I wasn’t sure why I hadn’t heard of Their Finest. Probably because it never actually got an American release, and even its UK release came two years after it acquired distribution. But its cast is everything good in the world: Gemma Arterton, Bill Nighy, Richard E. Grant, and Sam Clafin, plus Jake Lacy in maybe my favorite role of his to date, which says A LOT, because there is a whole lot of competition there.
The movie centers on a film studio in 1940 London, charged with making movies that both entertain and improve morale. (Read: euphemisms for propaganda.) All this is happening while bombs drop on the city daily and men are, for the most part, absent, off at war themselves.

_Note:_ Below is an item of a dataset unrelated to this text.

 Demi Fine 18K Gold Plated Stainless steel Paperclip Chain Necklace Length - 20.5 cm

Catrin Cole (Arterton) is then brought in to write the “women’s parts” of their movies, with the previous experience of having filled in for a male writer on a single comic strip. She’s therefore just qualified enough to be totally undervalued. But she ends up pitching the remarkable (and secretly less than factually accurate) story of two young women who steal their alcoholic father’s boat to help in the same Dunkirk recovery mission Nolan took on in his film.
Through the entire film, at any given moment, Cole has to navigate her new career, her relationship with her insecure 4F husband, general sexism in the workplace and at home, and- oh yeah- BOMBS FALLING FROM THE FUCKING SKY every single day and night. The story drifts briefly into love triangle territory, yet avoids ever feeling cliche. It manages persistent levity, putting the actual Funkirk in its Dunkirk, but still packs one hell of an emotional wallop when it wants to.

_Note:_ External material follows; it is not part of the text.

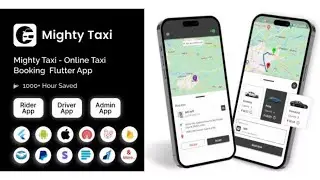 MightyTaxi - Flutter Online Taxi Booking Full Solution | User App | Admin Laravel Panel | Driver app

I can’t remember the last time I was so surprised by a movie. When I thought they were getting ready to kill off a character, I got romance. When I thought we were safe, they leaned into tragedy. None of this ever felt like clumsy storytelling.
It can’t be understated that much of this has to be due to the fact that it is a woman’s story through and through. Sit down, #NotAllMen, no one is saying women are inherently better at filmmaking. But this is a woman’s story. And if it didn’t commit to maintaining Cole’s unwavering point of view throughout, it would have suffered. This is a movie about a woman, written and directed by women (Gaby Chiappe and Lone Scherfig, respectively), based on a book written by a woman (Their Finest Hour and a Half by Lissa Evans). Scanning through the IMDB credits, the producing credits and crew seem to be uniquely woman-heavy (meaning about equally split). When telling the story of a woman, how novel to include women in the process. It’s almost like that makes an infinitely better movie.
Their Finest isn’t available to stream for free yet, but it’s fully worth the $5 it will cost you on Amazon, YouTube, iTunes, or anywhere else. What movie are you in the mood for? Romance? Comedy? Tragedy? War film? Period piece? Looking at Gemma Arterton’s gorgeous face? THIS IS YOUR MOVIE. Sorry if I’m coming off too forceful. I’m just trying to make up for my horrible mistake in not previously knowing of this movie’s existence to the degree it deserves. I promise you’ll be better off if you don’t repeat it.